PROVIDED RECORDS:

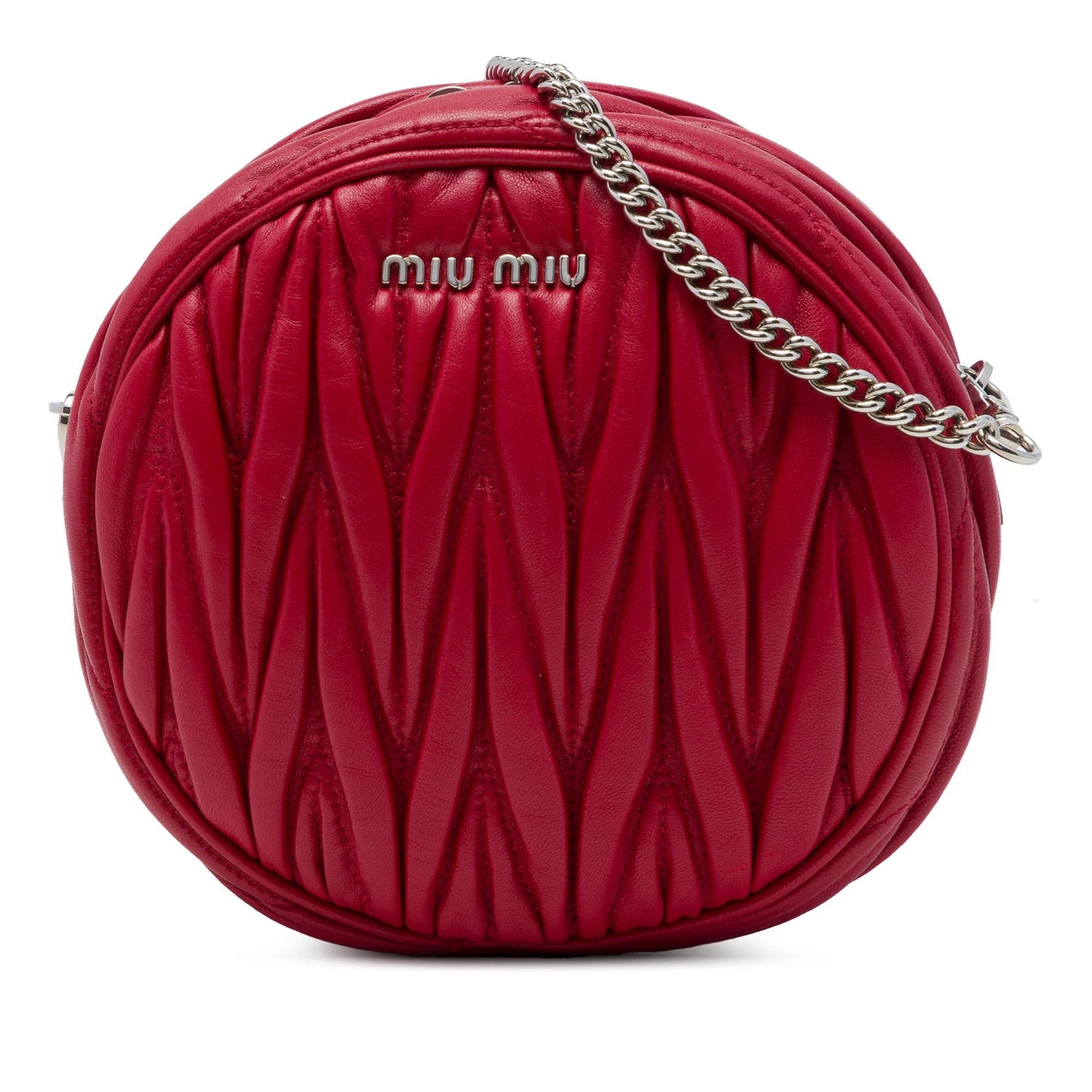 Matelassé leather handbag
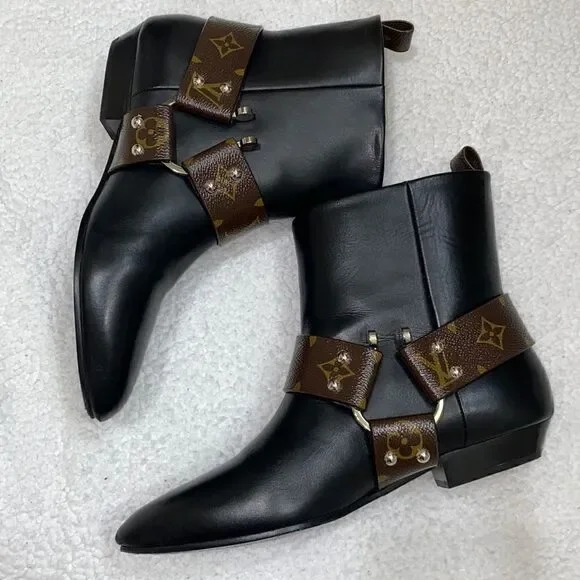 Authentic Louis Vuitton Black Leather Rhopsody Ankle Boots(Size 38.5/8.5) - Picture 4 of 17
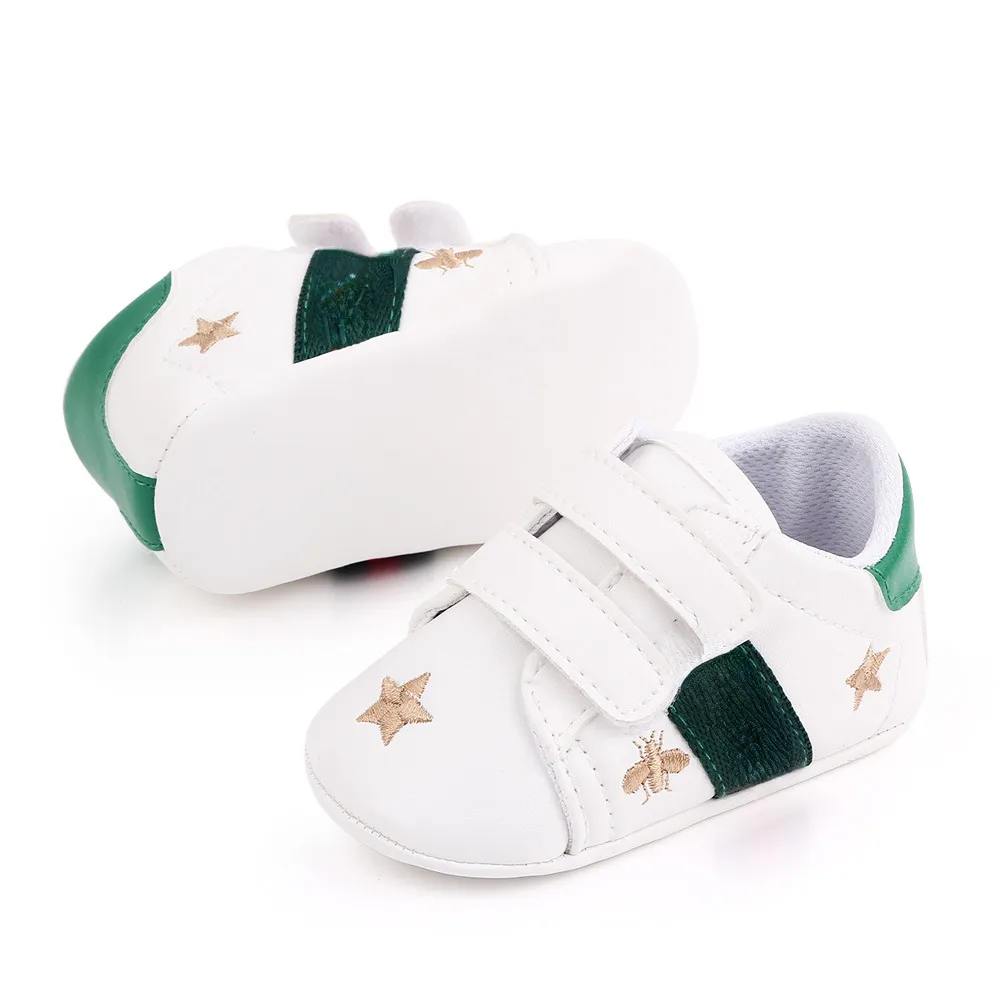 Neonati maschi Primi camminatori Scarpe Bambina Infantile Bambino PU Scarpe con suola morbida Scarpe da ginnastica bambini Scarpe da culla6764973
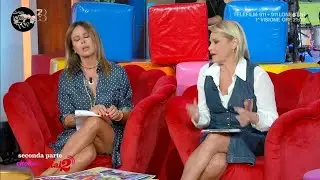Лучшие ноги итальянского телевидения - Паола Перего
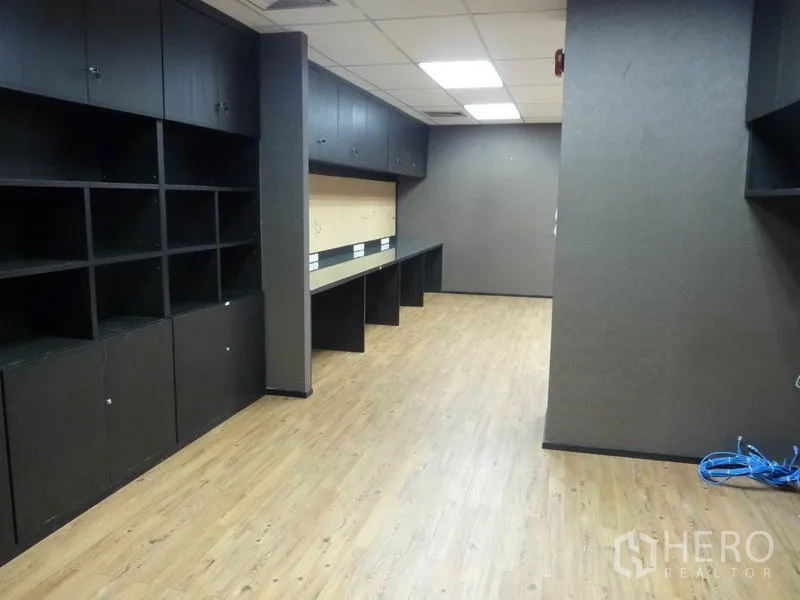 สำนักงาน ให้เช่าในWatthana, Bangkok - ห้องทำงานพร้อมชั้นวางแบบเปิดสีดำ โต๊ะยาวบิวท์อิน และพื้นไม้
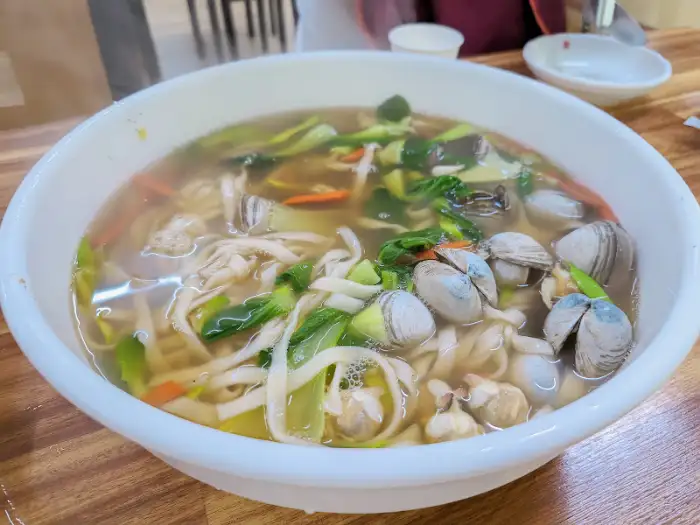 동죽 조개와 청경채가 들어간 칼국수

WORK INSTRUCTIONS: Exactly as written, repeat the lines of the material above from the first through the line holding "Neonati maschi Primi", with both ends in the copy and no pictures.

FINISHED EXERCISE:
 Matelassé leather handbag
 Authentic Louis Vuitton Black Leather Rhopsody Ankle Boots(Size 38.5/8.5) - Picture 4 of 17
 Neonati maschi Primi camminatori Scarpe Bambina Infantile Bambino PU Scarpe con suola morbida Scarpe da ginnastica bambini Scarpe da culla6764973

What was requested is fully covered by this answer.